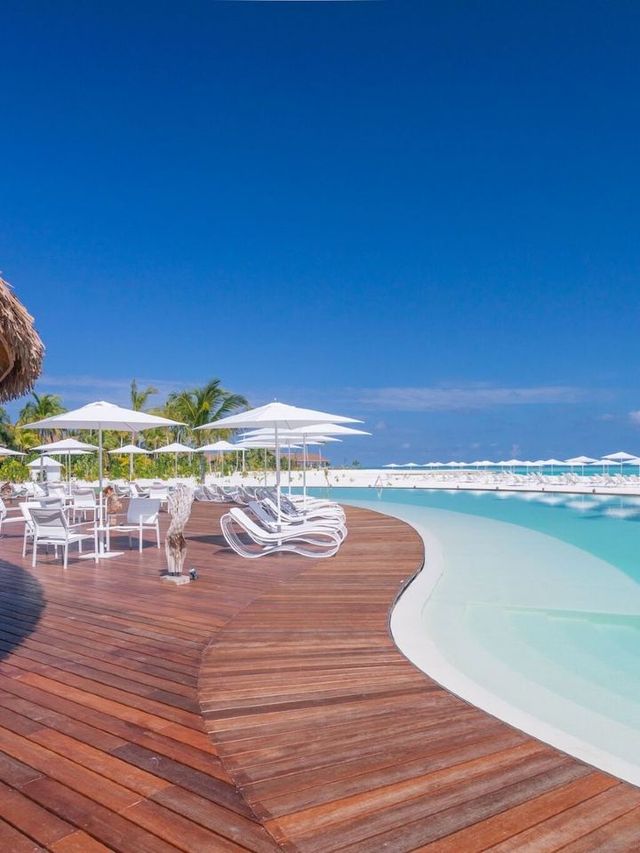 🌴 Maldives Magic: Unwind at Cinnamon Velifushi 🏖️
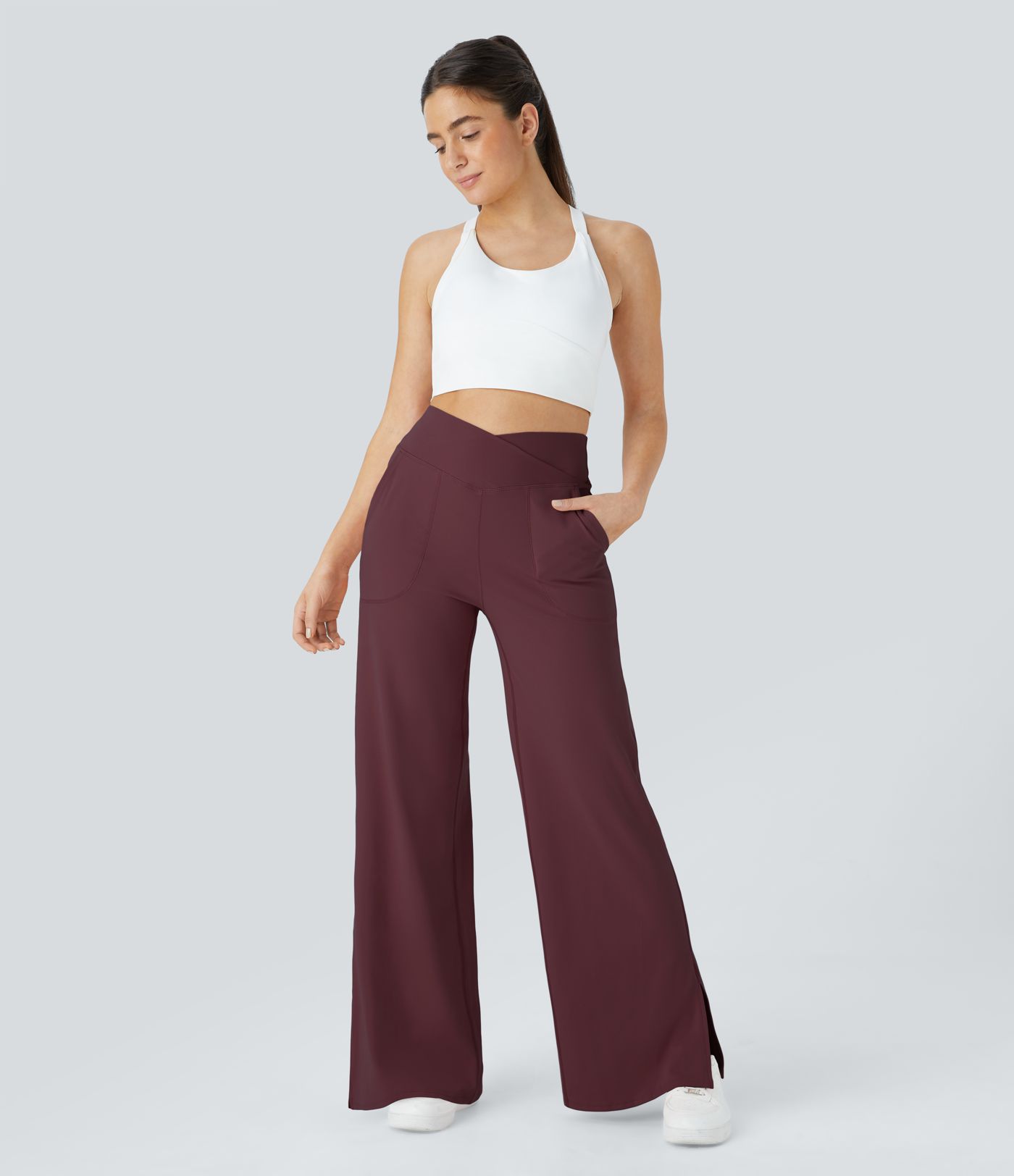 Pantalón recto y ancho Smile con cintura en V con bolsillos y abertura en el bajo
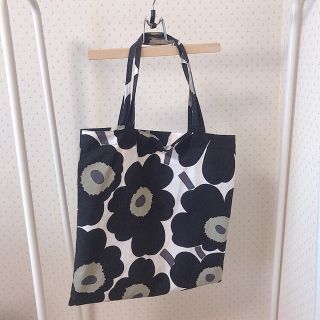 マリメッコ(marimekko)のマリメッコ  ブラック(トートバッグ)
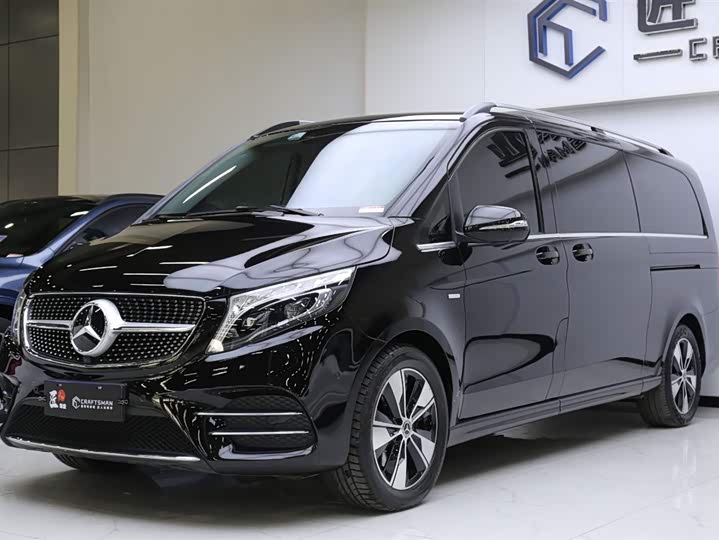 Фото 24 - Mercedes-Benz V-Class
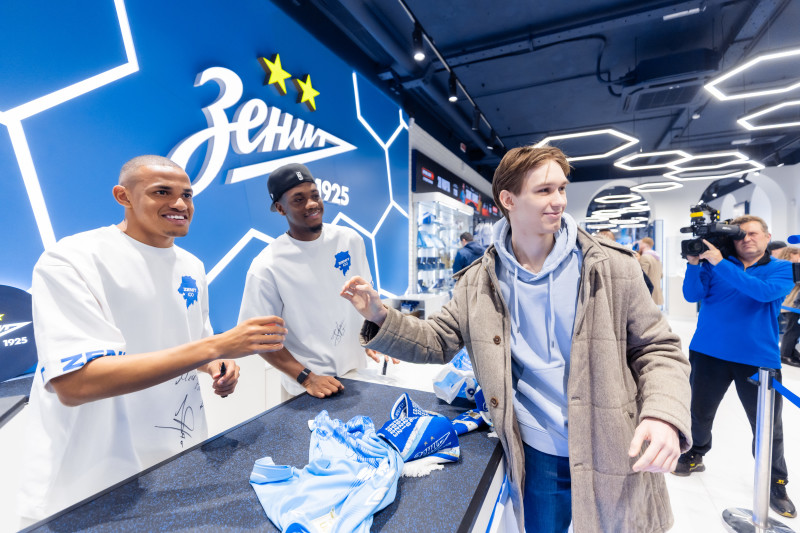 Презентация Джон Джона и Джона Дурана  в фирменном магазине «Зенит-Арена»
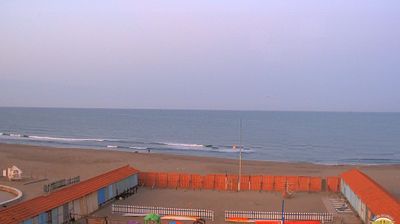 immagine della webcam nei dintorni di Lido Di Camaiore: webcam Marina Di Carrara
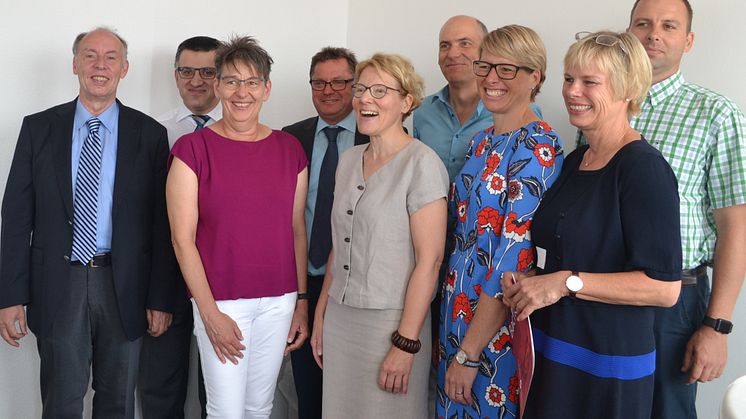Nach der Unterzeichnung der Verträge zu den Bildungspartnerschaften: Prof Michael Nagy (li.), Henrike Tyll (2.v.re.), Schulleiterinnen und Schulleiter. Foto: Franz Motzko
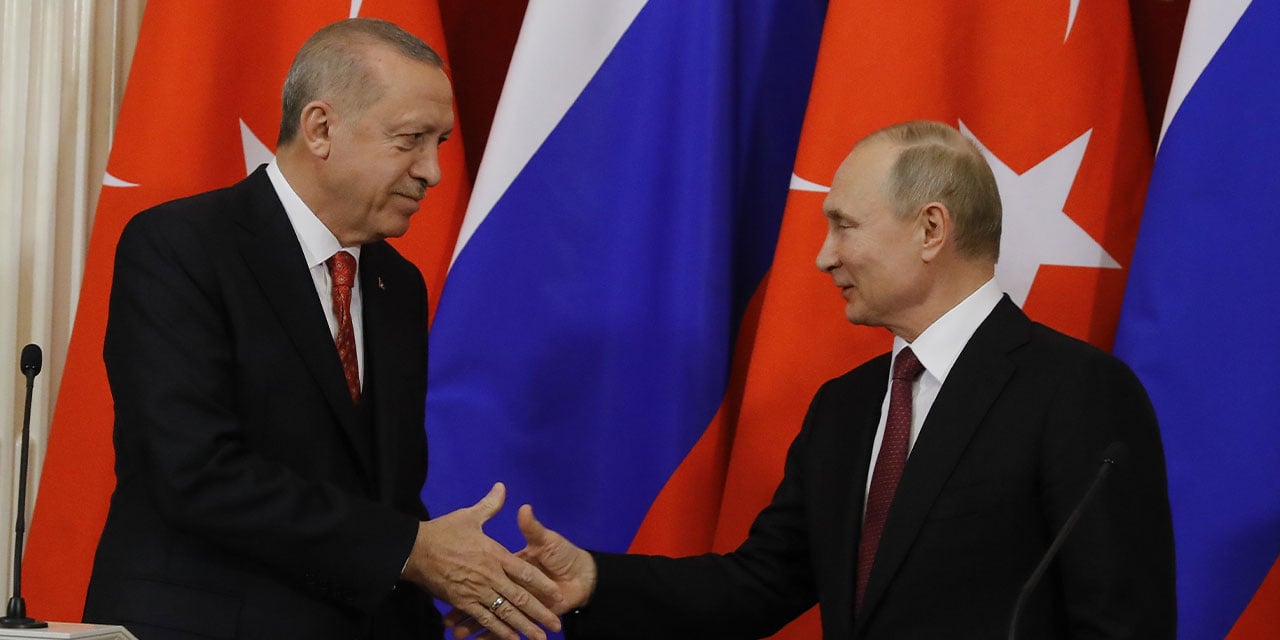 Putin'in Türkiye'ye Gelmeme Nedeni Erdoğan'ın Kaybetme İhtimali Mi? Canlı Yayında Çarpıcı Yorum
════════════════
- WORK TO BE COMPLETED -
Output exactly the lines from the one containing "immagine della webcam" through the last line of the records above, both included, leaving out any pictures.

- REPLY -
 immagine della webcam nei dintorni di Lido Di Camaiore: webcam Marina Di Carrara
Nach der Unterzeichnung der Verträge zu den Bildungspartnerschaften: Prof Michael Nagy (li.), Henrike Tyll (2.v.re.), Schulleiterinnen und Schulleiter. Foto: Franz Motzko
 Putin'in Türkiye'ye Gelmeme Nedeni Erdoğan'ın Kaybetme İhtimali Mi? Canlı Yayında Çarpıcı Yorum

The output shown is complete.